For the past year and a half, the Divine Comedy of Dante Alighieri has been my preoccupation. I stumbled onto the Comedy, two summers ago, as I was in a dark wood of illness and depression. Because I read it carefully, to mine its secrets, and because I studied books about Dante as I read, it took me about five months to read the whole thing. But the book worked a miracle, helping me untie the knots that bound me to the weights that made me so sick, and giving me a new lease on life.

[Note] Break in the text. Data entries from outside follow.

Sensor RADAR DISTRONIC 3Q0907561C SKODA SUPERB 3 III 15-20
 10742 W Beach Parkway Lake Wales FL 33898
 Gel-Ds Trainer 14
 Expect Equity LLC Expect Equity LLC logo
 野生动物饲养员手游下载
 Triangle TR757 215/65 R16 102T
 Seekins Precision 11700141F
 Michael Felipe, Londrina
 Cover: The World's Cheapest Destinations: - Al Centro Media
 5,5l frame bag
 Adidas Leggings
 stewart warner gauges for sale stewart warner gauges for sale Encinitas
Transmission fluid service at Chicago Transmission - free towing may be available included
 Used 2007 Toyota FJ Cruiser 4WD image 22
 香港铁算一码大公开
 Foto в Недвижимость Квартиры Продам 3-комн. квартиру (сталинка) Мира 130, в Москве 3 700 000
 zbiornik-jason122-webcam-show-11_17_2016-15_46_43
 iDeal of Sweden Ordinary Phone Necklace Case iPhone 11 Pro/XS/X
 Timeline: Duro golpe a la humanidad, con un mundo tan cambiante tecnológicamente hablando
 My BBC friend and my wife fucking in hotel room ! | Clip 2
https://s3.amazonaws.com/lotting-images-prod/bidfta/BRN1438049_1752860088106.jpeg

I have read a stack of books about Dante on this journey, but one of the best ones is the newest one: Reading Dante: From Here to Eternity, by the English scholar Prue Shaw. Published earlier this year, Reading Dante is the fruit of Shaw’s long career as a Dantist, and explores in rich, highly readable prose the great themes of the Comedy. The book serves well as a companion to reading Dante, but also stands alone as a marvelously lucid, even spirited, guide to the meaning and appeal of the first and greatest poem of the modern age.

Be warned: if you read Shaw’s book, your next purchase will be the Divine Comedy, all but guaranteed. To date, Reading Dante is by far the best introduction to Dante for the general reader that I know of; nothing else comes close.

Senior editor Rod Dreher’s next book, How Dante Can Save Your Life, will be published in 2015.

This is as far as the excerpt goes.